Aliás, o chefe da missão do FMI sublinhou precisamente, em Outubro do ano passado, que um dos pontos-chave fundamental da recuperação económica islandesa foi a recusa do pagamento da dívida do sector privado (leia-se, da banca): "The key will be to keep a lid on financial sector contingent liabilities, and ensure that the public sector does not assume more private sector debt." E já em 2009 considerava que as medidas empregues tinham como objectivo aproximar o sistema fiscal islandês dos seus congéneres sueco e dinamarquês (tornando-os portanto mais progressivos) de maneira "a preservar o modelo básico do estado de bem estar nórdico". 
Ou seja, o FMI entrou na Islândia para fazer uma política que aparenta ser bastante diferente da que nos foi apresentada nos sucessivos PEC e que até não difere assim tanto de algumas coisas que têm escrito os Ladrões de Bicicletas, admitindo um aumento da despesa pública para financiar o crescimento dos apoios sociais e considerando que esse tipo de medidas contra-cíclicas pode manter à tona da água a economia. O que Paul Krugman aqui saúda é uma performance económica de recuperação assente em políticas económicas que combinaram o aumento da receita fiscal e a regulação  do sector financeiro, de maneira a corrigir os efeitos do que considera "excessos especulativos" sobre a "economia real". 
Desse ponto de vista, o caso português, como o irlandês ou o grego, tem uma diferença substancial, que diz respeito à sua escala e à dimensão política inerente à natureza das respectivas dívidas públicas (e, bem assim, às suas necessidades de financiamento externo). O resgate do FMI não é, não pode ser, em Portugal, na Irlanda ou na Grécia, semelhante ao que foi efectuado na Islândia. Há demasiada gente que perderia demasiado dinheiro. O FMI não vem cá fazer figas para que a dívida privada não seja incluída na dívida pública, mas precisamente o contrário. Não é por acaso que lhe chamam Tony Soprano bailout. Quanto às "propostas concretas" relativamente à reestruturação da dívida pública portuguesa, já lá iremos.

3 comentários:

Miguel Madeira disse...

Eu poria a Irlanda (e a Espanha) no mesmo saco que a Islândia - todos eles são países em que a dívida pública só é um problema devido à divida privada que, ou foi assumida pelo Estado (Irlanda e Islândia), ou está toda a gente à espera que vá ser (Espanha).

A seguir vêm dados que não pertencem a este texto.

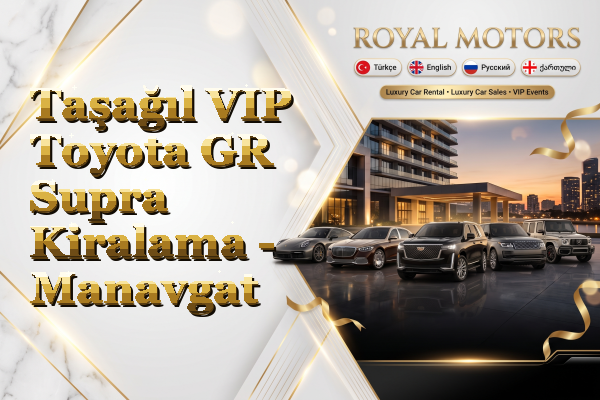 Taşağıl VIP Toyota GR Supra Kiralama - Manavgat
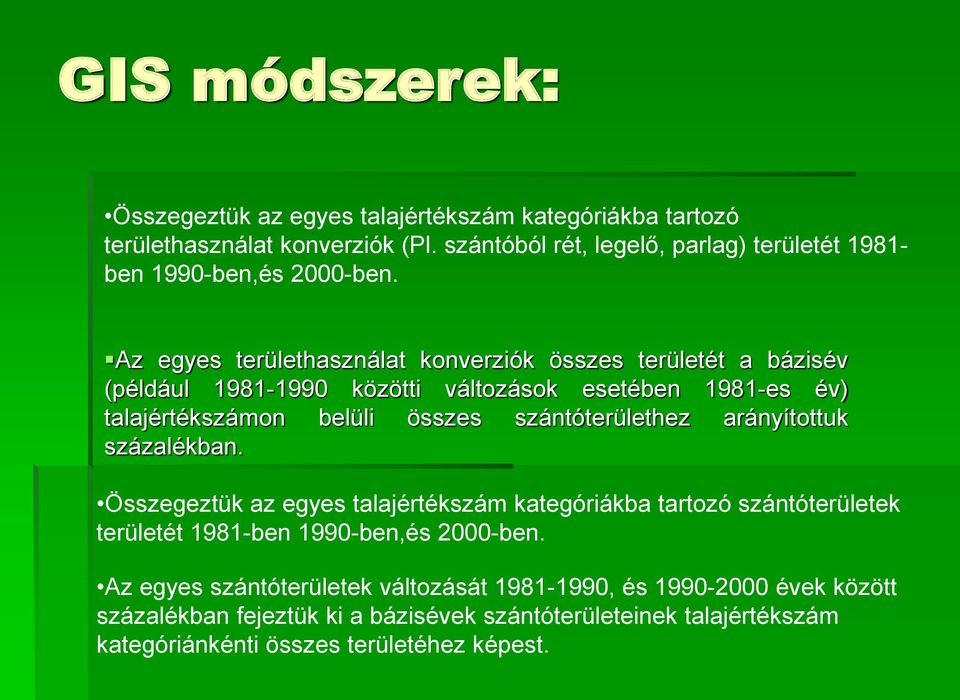 Az egyes területhasználat konverziók összes területét a bázisév (például 1981-1990 közötti változások esetében 1981-es év) talajértékszámon belüli összes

Já Portugal e Grécia penso que têm mesmo um problema estrutural de deficit no orçamento.

Anónimo disse...

Portugal e a Grécia têm um problema estrutural de deficit: é verdade, e aí temos de concordar com os liberais... Mas há que reforçar a ideia de que isso se deve ao facto de a banca privada, ou o capital rentista, se apoiar em obras públicas que pouco contribuem para exportações. A Irlanda que agora nacionalizou a banca poderá usá-la como uma arma para gerar riqueza, nós não.

Ricardo Noronha disse...

De acordo no que diz respeito à natureza da dívida pública Miguel, mas nota que a quantidade aqui torna-se qualidade: um não pagamento irlandês teria consequências muito maiores do que o islandês, devido à dimensão das somas envolvidas, e seria por isso politicamente inaceitável para o BCE. Para além disso, a Islândia não integra a zona Euro.
Quanto ao papel da banca privada portuguesa, penso que não se deve parar de repetir que a sua competitividade assenta numa situação de escandaloso privilégio fiscal e que ainda se terão abotoado a algum graças à subida das taxas e ao seu papel de intermediário junto do BCE. Também não faz mal nenhum insistir na ideia de que a SLN deve ser nacionalizada.